Der siebzehnjährige Gilberto Mora hat bereits die Geschichte der Liga MX neu geschrieben, und nun ist er bereit, die Geschichte der Weltmeisterschaft gegen England in Mexiko-Stadt neu zu schreiben. Moras Aufstieg war kometenhaft: fünf Tore in seinen letzten drei Spielen in der Liga MX, eine Defensivbilanz, die bis zum Halbfinale der Clausura 2025 zurückreicht, und der Ruf, die Räume zwischen den Innenverteidigern auszunutzen. England hingegen schaffte es mit einem 2:1-Sieg über die Demokratische Republik Kongo ins Achtelfinale, wobei seine Abwehr immer wieder durch schnelle Umschaltvorgänge entlarvt wurde.
Die Three Lions haben in vier Spielen fünf Gegentore kassiert und ihre Torlinie wurde zweimal durchbrochen – einmal durch einen 19-Jährigen in der Gruppenphase. Mexiko geht ungeschlagen in das Duell und hat in der Defensive bislang 0 Gegentore im Turnier kassiert. Manager Javier Aguirre hat ein System aufgebaut, das das Spiel im Mittelfeld komprimiert und Mora als Speerspitze für schnelle Konter nutzt.

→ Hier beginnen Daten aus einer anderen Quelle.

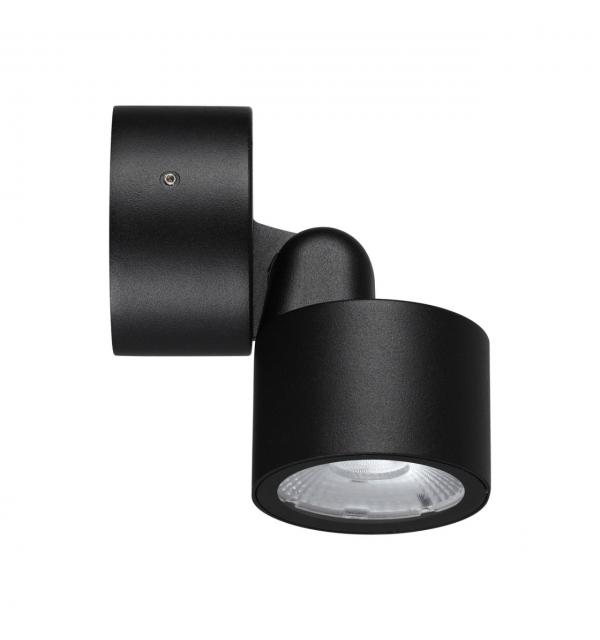 359586 STREET NT25 694  черный Светильник ландшафтный светодиодный IP65 LED 9W 3000К 100-240V FOCUS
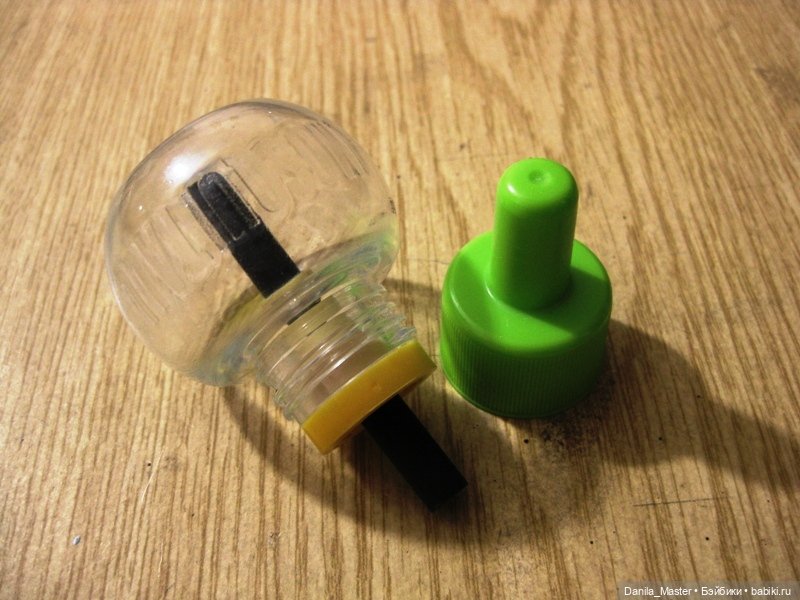 Настольная лампа за 15 мин. Мини мастер-класс (фото 5)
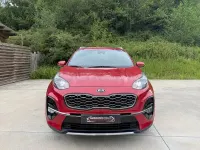 Usado Kia Sportage GT-Line 177 CV (130 kW) 2018 Rojo SUV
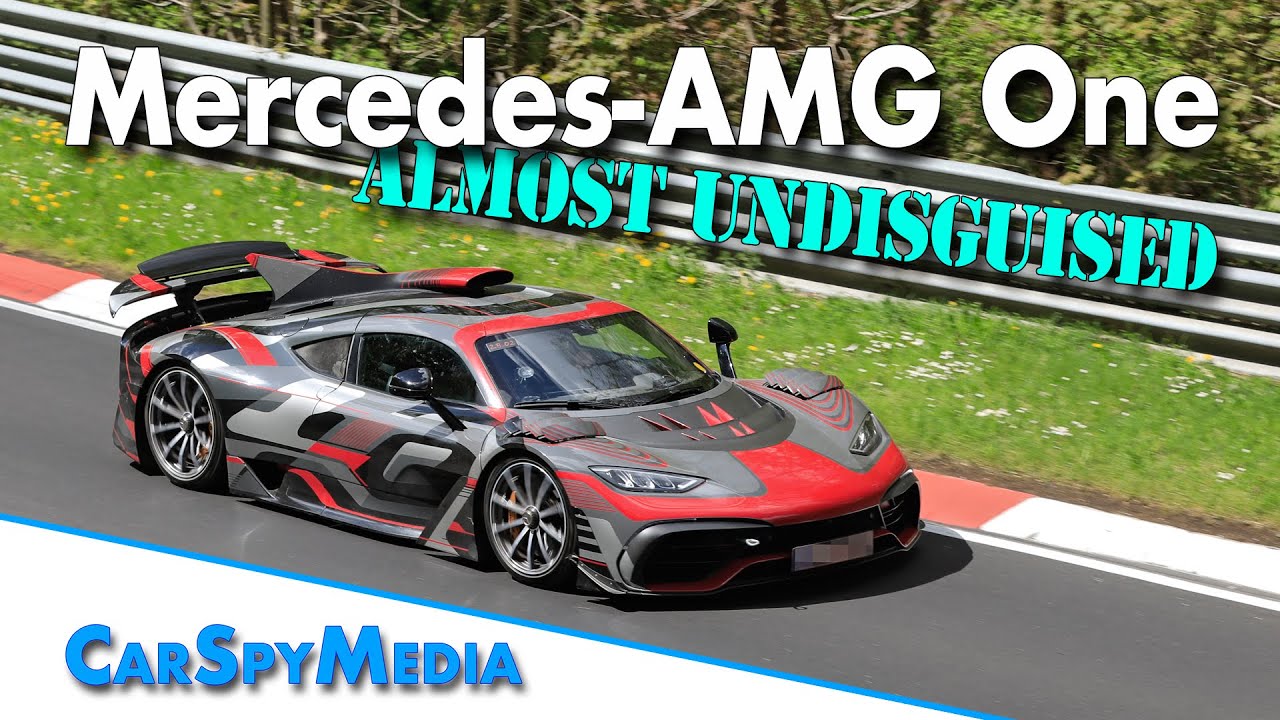 La Mercedes-AMG ONE è impressionante anche al minimo [VIDEO]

Englands Dreierkette schien angesichts der Geschwindigkeit überfordert zu sein, und Aguirres Scouting-Berichte zeigen einen klaren Plan: Luke Shaw und Kieran Trippier in 1-gegen-1-Kämpfen auf der Überlappung zu zwingen, während Mora in die Kanäle abdriftet. Das mexikanische Mittelfeldtrio Edson Álvarez, Luis Chávez und Orbelín Pineda hat pro Spiel nur 1,2 Torschüsse zugelassen, bei hohem Pressing sinkt dieser Wert auf 0,8. Englands Defensivprobleme sind struktureller Natur.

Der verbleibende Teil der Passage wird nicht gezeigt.